Wednesday, October 08, 2008

What's Going on Here?

Note: Update at bottom

I just had an amazing bike trip through Yunnan for the holiday, which I'll hopefully get back to soon. Today, though, a little bit about the Chinese art market.

It's nearly impossible to estimate the size and health of the global art market, because so much of its volume is carried out between private individuals and galleries, which are all in private hands. The auction market is considered a barometer of market health, but it is a slippery one, because as some say, "it's only the tip of the iceberg". We get good figures from them because many of the big auction houses are public companies, and because the auction events are always highly publicized, but no one is even willing to guess what fraction of the total art market their sales represent.

Nevertheless, we have to keep feeding the habit, as much of the market watches what happens at these auctions and adjusts prices accordingly. This has especially been the case in China, where so many of the collectors are speculators, and there are rampant rumors of price manipulation through insider bidding. China's art market has been soaring in recent years as Chinese private collectors and finance have jumped in, where only a few years ago the vast majority of Chinese contemporary collection was done by foreigners.

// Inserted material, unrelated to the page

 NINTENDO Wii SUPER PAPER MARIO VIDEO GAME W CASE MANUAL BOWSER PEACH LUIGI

As I watched with the Puer tea market and again with the Chinese stock market, many of these new entrants seemed to believe that the market for their particular good was not subject to the laws of economics. Works by top flight artists are now selling in the millions of dollars, and efforts by newcomers to discover the next big thing have driven up the prices of much less established artists, even ones who haven't yet graduated from art school. Though I think that in the long term Chinese art will continue to be very strong, we're definitely in for some kind of correction, basically a smack in the face to remind people that the laws of physics still apply.

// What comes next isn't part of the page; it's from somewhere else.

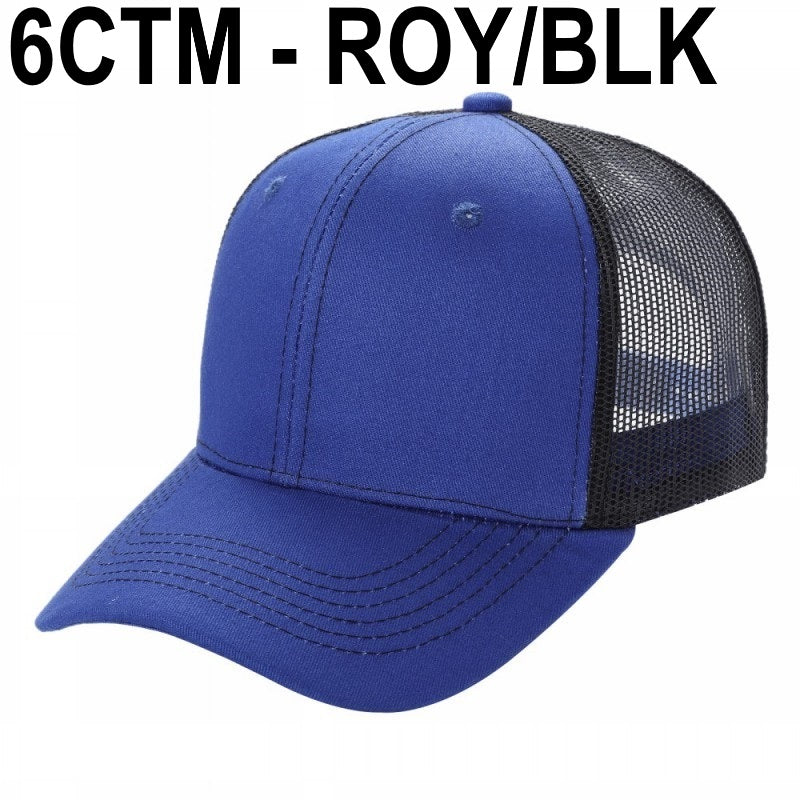 6CTM -SOLID 6 Panel Curve Trucker Mesh Hat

So I wasn't too surprised to see Sotheby's fall auction in Hong Kong fizzle. We are, after all, in the midst of a global financial crisis. Though top artists like Zhang Xiaogang (my fave) and Cai Guoqiang had pieces that sold for over USD 2m, almost a quarter of the lots failed to sell, and the ones that did only clocked in at the low end of their estimates. I think that this is a good thing. We need to start weeding out those artists who see painting as merely a license to print money, and those galleries and collectors who appraise artists solely based on their potential to go up in price. That makes room for true artists to do what they do best: art.

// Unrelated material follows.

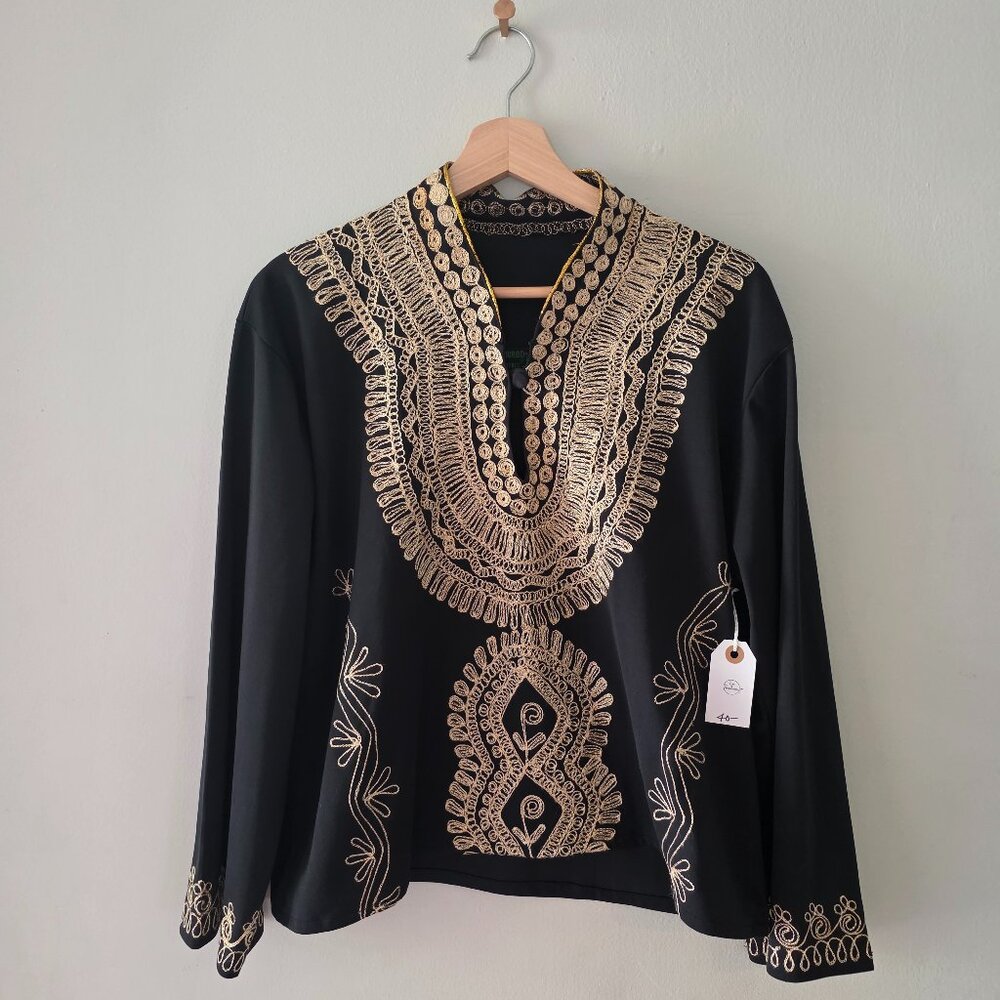Vintage Syrian Embroidered Dress Shirt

The confusing thing though, is the reaction I've seen on the internet. The auction results have of course garnered a lot of media attention, being written up by Wall Street Journal and all of the art websites. But one site in particular caught my attention. A recent newcomer, is a well designed bilingual website on the Chinese art scene. The Chinese coverage is excellent, and their English writing is better than a lot of other bilingual sites which have popped up recently. So I was surprised to see yesterday the headline, in English, "Chinese Contemporary Art Sell of Sotheby's (sic) is Still Strong". It cited another website,, as saying that sales still remained strong, citing only the high prices that did make the cut, and not one word about the failed lots. Their Chinese mirror site got it right though, citing a "disappointing performance". What's going on here? Was it a bad editing job, or are something else? I checked Artzine, which says on the top of its news page that the Sotheby's auction had a "surprisingly poor showing". One of the first sentences that Chinese students of English learn to say is "My English is very poor", so I doubt that they could have misread the article.

Update: Artintern has caught the mistake, and now has not one, but two articles about the poor Sotheby's results.